> Description of the task
Your answer must be the lines from the one containing "Mystique & Baby Nightcrawler" through the last line of the records below, copied exactly, with the pictures left out.

> Working data
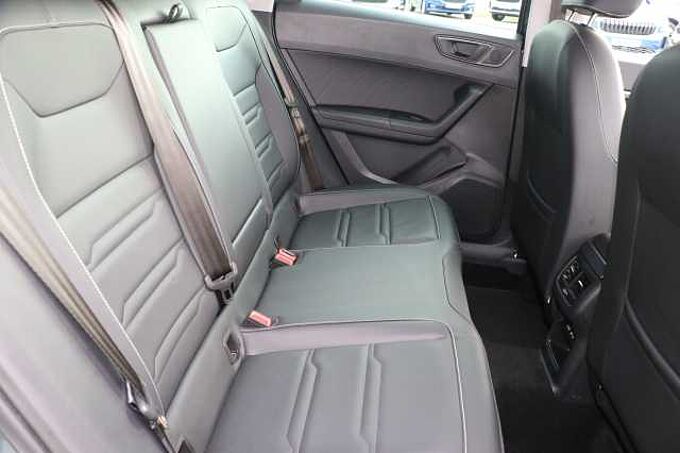 SEAT Ateca 1.5 TSI EVO Xperience Lux 5dr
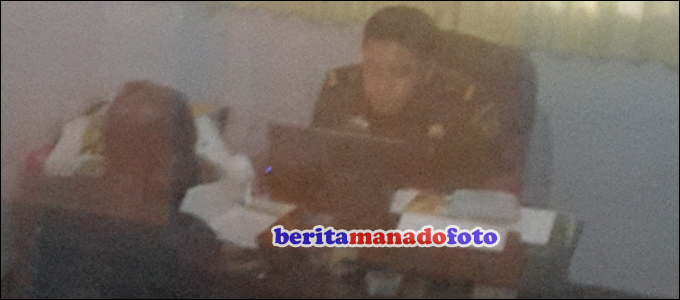 Sempat Mangkir, Sekkot Tomohon Akhirnya Penuhi Panggilan Kejari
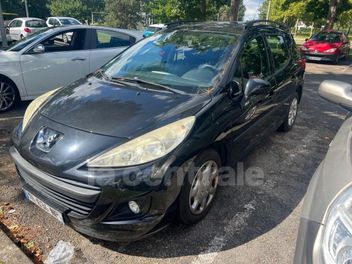 PEUGEOT 207 SW (2) SW 1.6 HDI 92 FAP BUSINESS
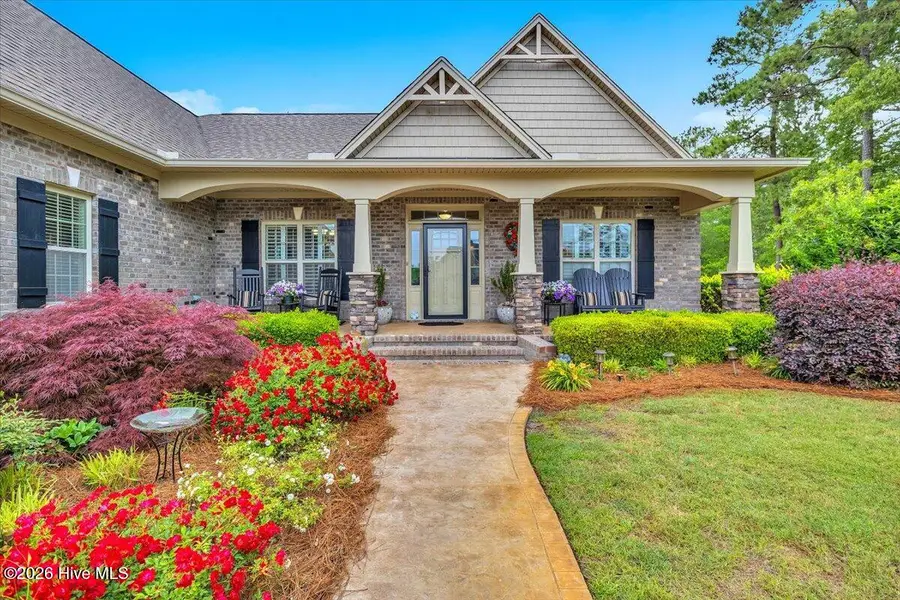 1197 Sabel Loop Se, Bolivia, NC 28422 - #3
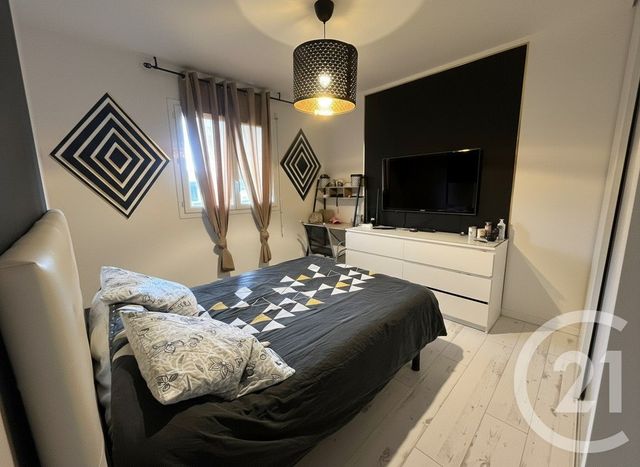 maison à vendre - 4 pièces - 89.92 m2 - ST ANDRE DE CUBZAC - 33 - AQUITAINE - Century 21 Estuaire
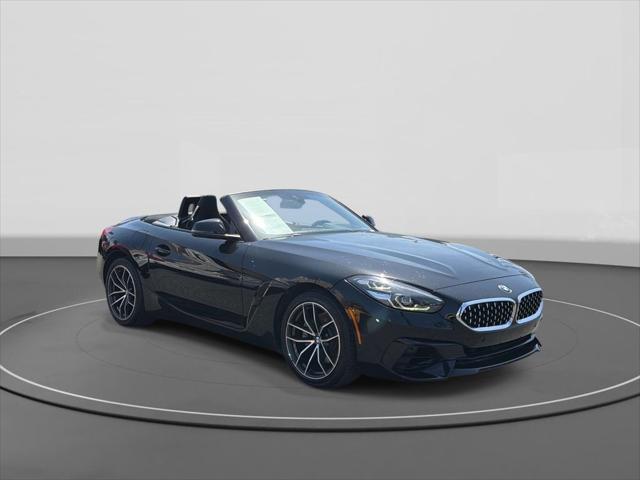 2020 BMW Z4 - $29,643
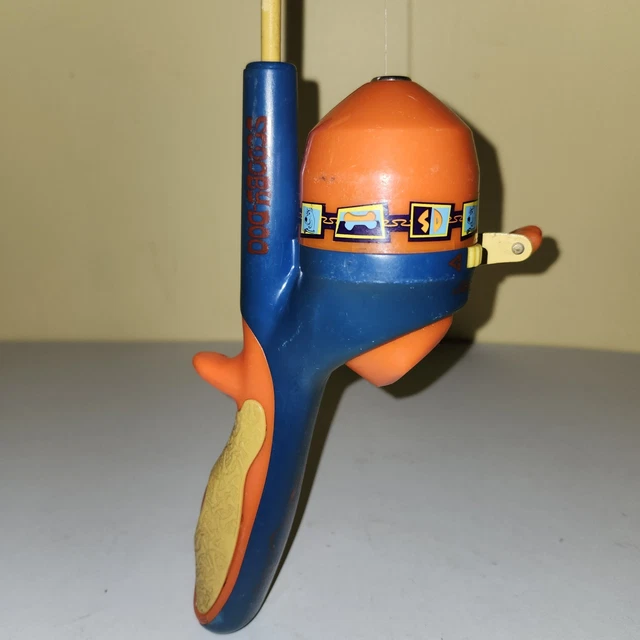 7 spinning rod reel combo Penn Spinfisher SSVII 7500 Reel Capt. Harry's CS20/25 Spinning Rod Com –  Capt. Harry's Fishing Supply main image 1
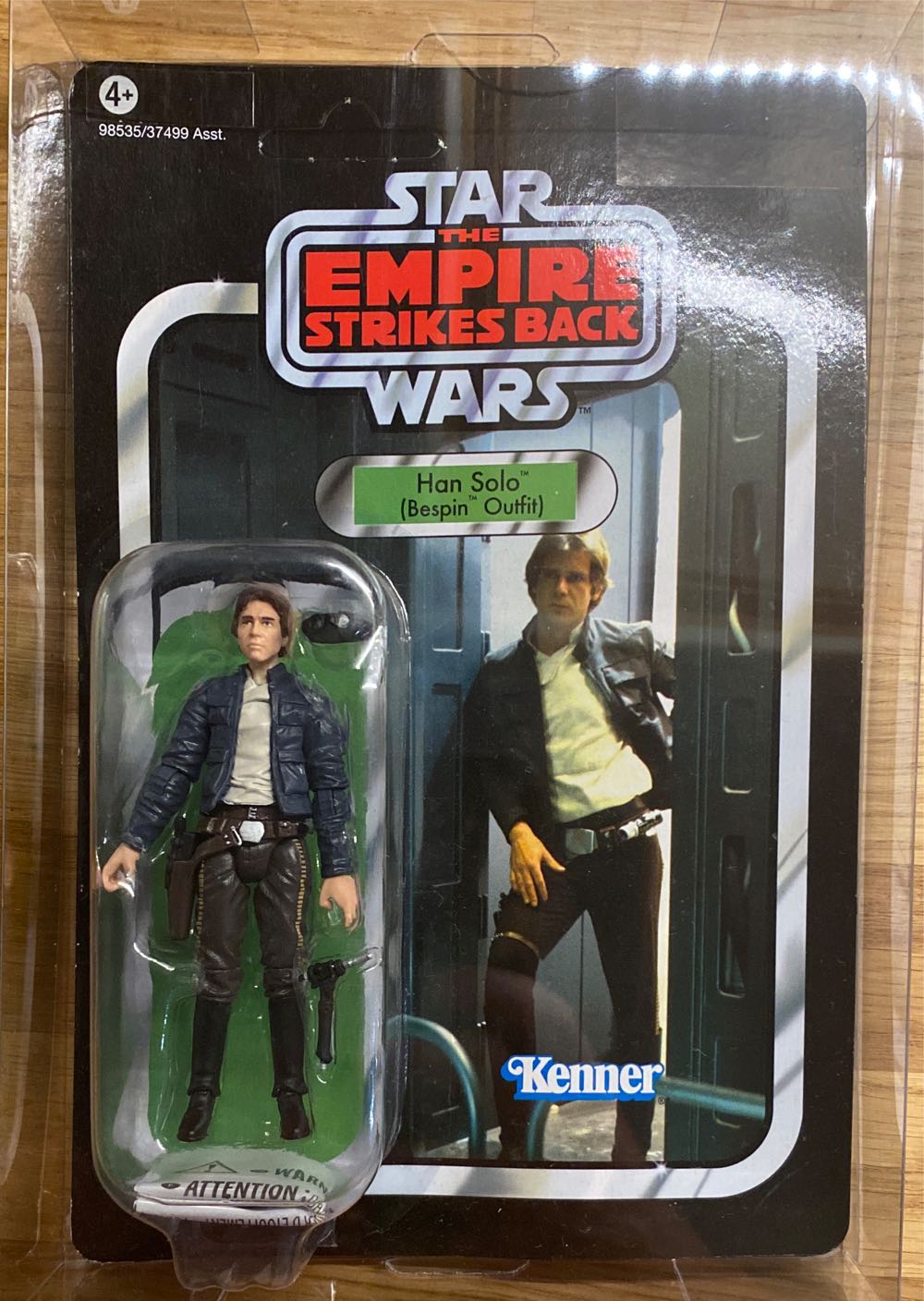 Mystique & Baby Nightcrawler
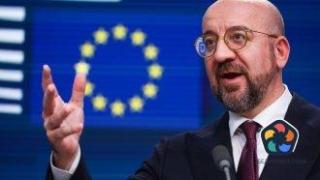 Шарл Мишел: Не би трябвало занапред да зависим от това кой е президент на САЩ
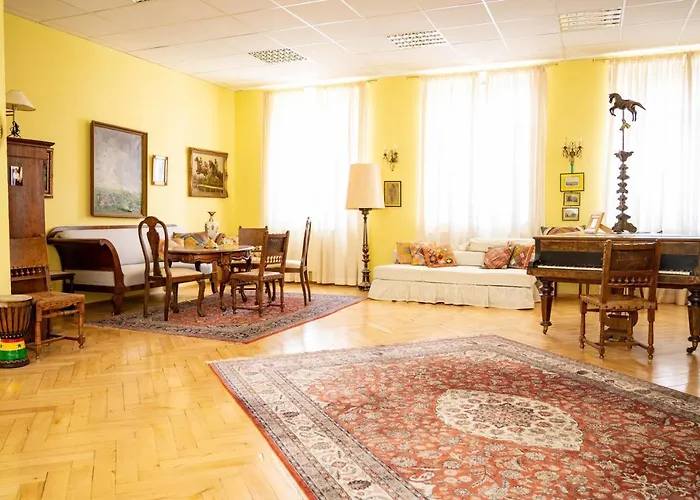 Hotel Krone Laupheim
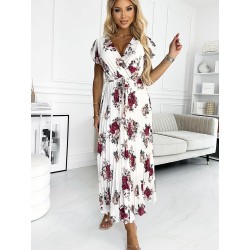  Robe de cocktail Numoco 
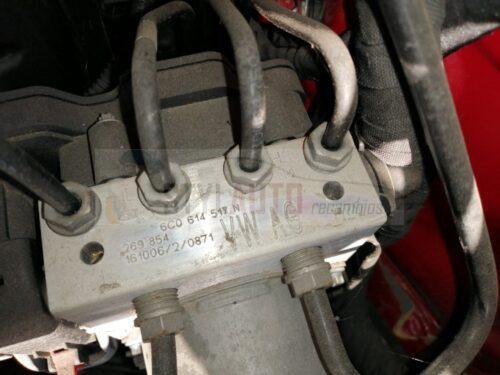 bomba abs vw polo 6C0614517N 6C0907379N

> Expected answer
 Mystique & Baby Nightcrawler
 Шарл Мишел: Не би трябвало занапред да зависим от това кой е президент на САЩ
 Hotel Krone Laupheim
  Robe de cocktail Numoco 
 bomba abs vw polo 6C0614517N 6C0907379N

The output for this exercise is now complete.